In the first match of the 1979 Test series between Australia and England at Perth, the Aussies were in trouble at 232/8. The number 9 batsman Dennis Lillee was unbeaten on 11 at stumps on Day 1. Till then Lillee had been using a wooden bat. The next day Lillee walked out to resume his innings, armed with an aluminium bat. The bat was a brainchild of a friend of Lillee’s and a former cub cricketer. Lillee was also his business partner and later admitted in his autobiography that the decision to use the bat was entirely from a marketing point of view. Off the fourth ball of the day Lillee drove Ian Botham. The shot made a loud metallic noise, but the ball did not go to the boundary. Then Australian captain Greg Chappell felt it would have if Lillee had been using a willow bat and sent out 12th man Rodney Hogg with two wooden bats, signalling that he wanted Lillee to abandon the aluminum bat, which was called the ‘Combat’. While this was going on England captain Mike Brearly complained to the umpires that Lillee’s metallic bat was damaging the ball. The umpires had a long chat with Lilee, but the Australian fast bowler stood his ground, because at that time there were no clear cut ICC rules on what a bat should be made out of.
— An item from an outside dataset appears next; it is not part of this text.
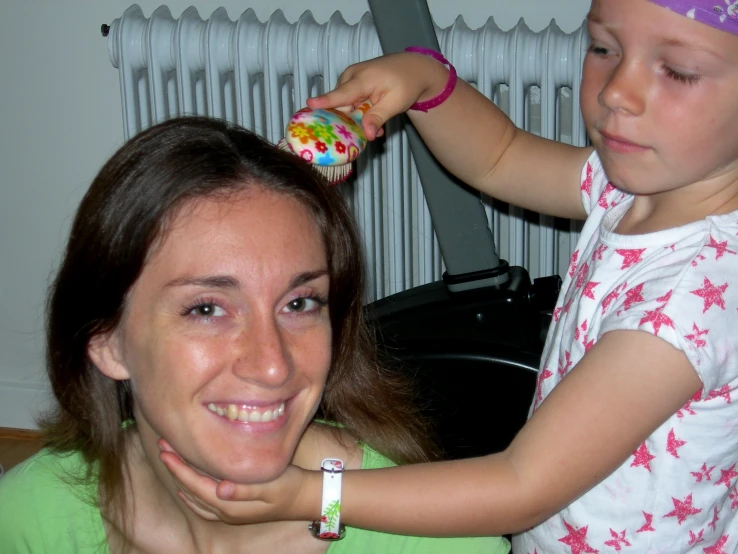 a woman is blowdrying a small girl's hair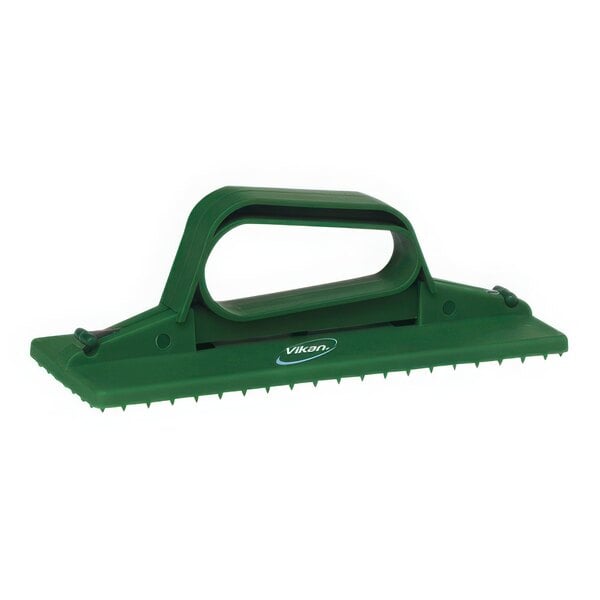 A green Vikan handheld scrub pad holder.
Lillee had sent Hogg packing, but about ten minutes into the stand-off Greg Chappell emerged from the pavilion and grabbed a wooden bat from Hogg and walked towards Lillee, who then realised that he couldn’t win this battle and literally threw the aluminum bat away. The match finally resumed. Lillee fell for 18 and seemed quite fired up when he came out to bowl. He removed both English openers for ducks and took 4/73 in England’s first innings. Australia went on to win the match by 138 runs. Interestingly, this was not the first time Lillee had batted with the ‘Combat’. In a Test match, 12 days earlier against the West Indies, Lillee had used a similar bat, but at that time he was removed by Joel Garner for a duck and the Windies had not complained about the usage of the bat.
Dennis Lillee. (TOI Photo)
3. Sir Donald Bradman hit just 6 sixes in his entire Test career
Think Test cricket and you will think of Sir Donald Bradman. A man synonymous with batting perfection played a total of 52 Tests from his debut in 1928 till his last match, vs England, in 1948. But did you know that Sir Don, who scored 29 Test centuries and 13 Test fifties hit just six sixes in his entire career?
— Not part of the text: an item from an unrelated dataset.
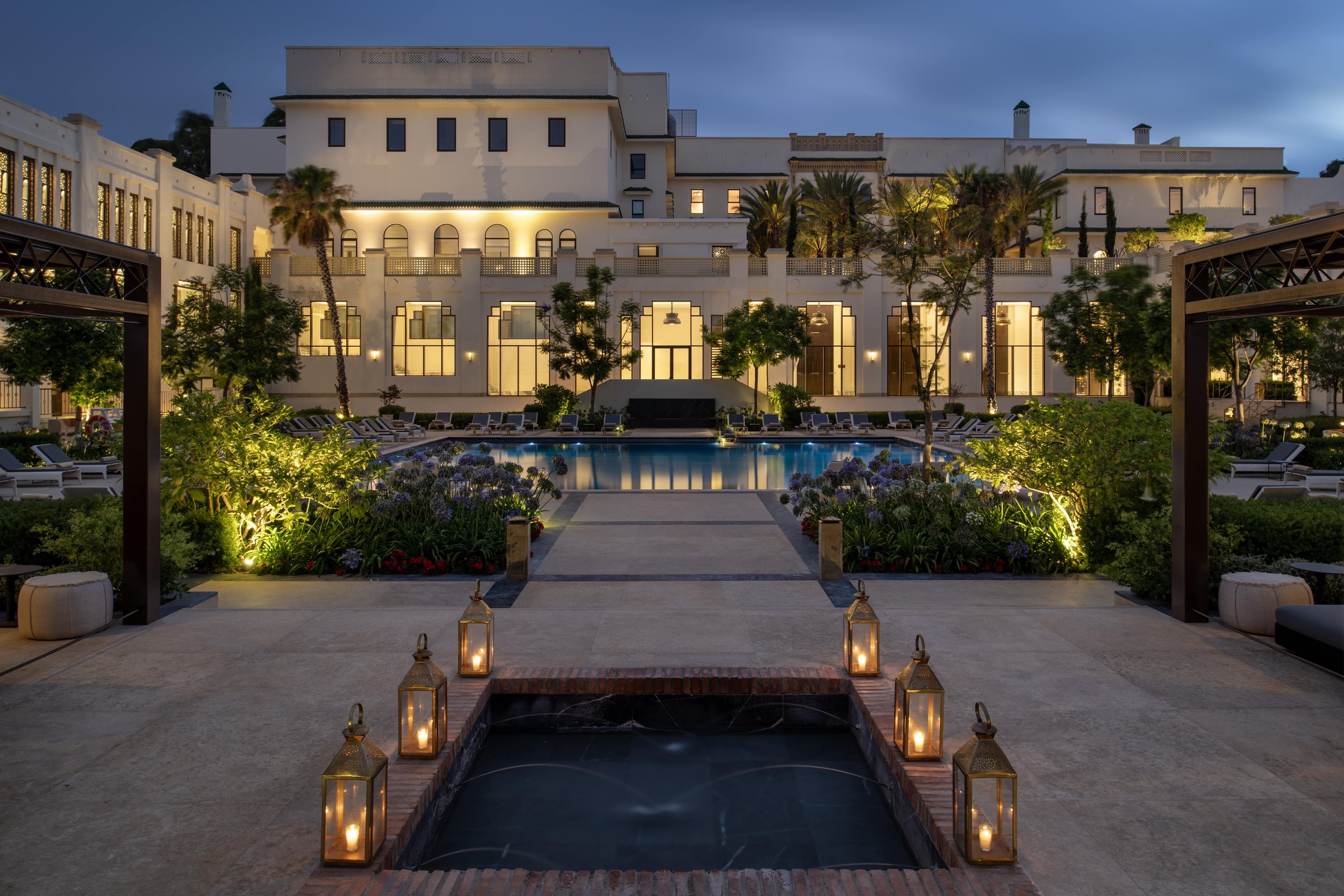 Exterior of Fairmont Tazi palace as the sun is setting and the garden lights are lit up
Donald Bradman. (AFP Photo)
4. Australia didn’t lose a Test match at Lord’s for 75 years from 1934 to 2009
Since their defeat in the 1934 Ashes Test at Lord’s, the Aussies remained unbeaten at the home of cricket for an astounding 75 years. They played 18 Tests at Lord’s in that period, winning nine. The unbeaten streak was broken in 2009 when England beat them by 115 runs.
5. Fast bowler Rodney Hogg used to be a milkman
Australian tearaway fast bowler Rodney Hogg took 123 Test wickets in his career. But did you know that before he became a cricketer Hogg used to be a milkman? After his retirement Hogg ran a fruit shop in Melbourne for over a decade.
6. When Mark Waugh left brother Steve Waugh stranded on 99
There was a time when Steve Waugh went through a period when he kept being dismissed in the 90s. in the February 1995 Test vs England in Perth, Steve Waugh was left stranded on 99, when brother Mark Waugh who had come in as a runner for last man Craig McDermott charged down the track and fell short of the crease, which meant McDermott was run out, leaving Steve unbeaten on 99 in Australia’s first innings. The Aussies though went on to win the Test by a huge 329 run margin. Overall Steve Waugh ended his innings in the 90s ten times in Test cricket.
Steve Waugh. (TOI Photo)
7. Australia is the only country to have hosted a 7 Test match series
In the 1970-71 Ashes, Australia hosted as many as 7 Tests. The experiment didn’t work, as England won the series 2-0, with wins in the fourth and seventh Tests. Australian captain Bill Lawry became the first Aussie skipper to be sacked during a series. He was removed after the sixth Test ended in a draw. A young Ian Chappell was named new captain and that began a new chapter in Australian Test cricket.